MILWAUKEE – Yesterday afternoon, State Representative Jonathan Brostoff (D-Milwaukee), State Senator LaTonya Johnson (D-Milwaukee), and legislative partners introduced LRB-1942, new legislation that would end the doctrine of “qualified immunity” for law enforcement officers in Wisconsin. To mark this bill being circulated through the Legislature, Rep. Brostoff released the following statement:
“For far too long, the doctrine of qualified immunity has been used as a shield by government officials, and by law enforcement officers in particular, to avoid civil responsibility for inexcusable and unconstitutional actions committed while on the job. Time and again we’ve read stories of law enforcement destroying property, unnecessarily harming citizens, or even killing people; and time and time again, we read that those officials end up protected from liability because of qualified immunity. With LRB-1942, we’re taking a stand and letting people know that, here in Wisconsin, we won’t tolerate impunity for these egregious wrongs any longer.”
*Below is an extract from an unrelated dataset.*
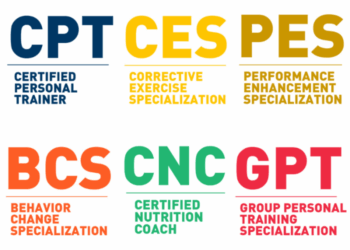 NASM Platinum PT Bundle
First created by the US Supreme Court in 1967, and then expanded and codified by the Supreme Court in 1982, the doctrine of “qualified immunity” relies on an expansive reading of Section 1983 of the US Code to establish protections from civil suit for government officials in all but the most incompetent or extreme cases. Although the original spirit of the doctrine was to protect government officials from spurious lawsuits, countless examples have demonstrated that qualified immunity has instead more often been used to dismiss almost all civil cases against government officials (and law enforcement officials especially), including against bad actors. Introduced for cosponsorship yesterday afternoon, LRB-1942 would end the doctrine of qualified immunity for law enforcement officials in Wisconsin, and would create a pathway for individuals harmed by police to hold individual officers liable in a court of law for the damages they caused.
“While some may try to claim that repealing qualified immunity is a partisan issue, the facts are not on their side – over the past few years, we’ve seen an exceptionally ideologically broad coalition of nonprofit organizations, politicians, legal scholars, and even sitting jurists come out against qualified immunity and argue that it is time to make this legally shaky, harmful doctrine a thing of the past. It is time for Wisconsin to join this growing coalition, and take substantive action to end this practice in our state. I encourage all of my colleagues, Democratic and Republican, to join this movement, and to show the nation that we will not shy away from fighting for the rights of our constituents.”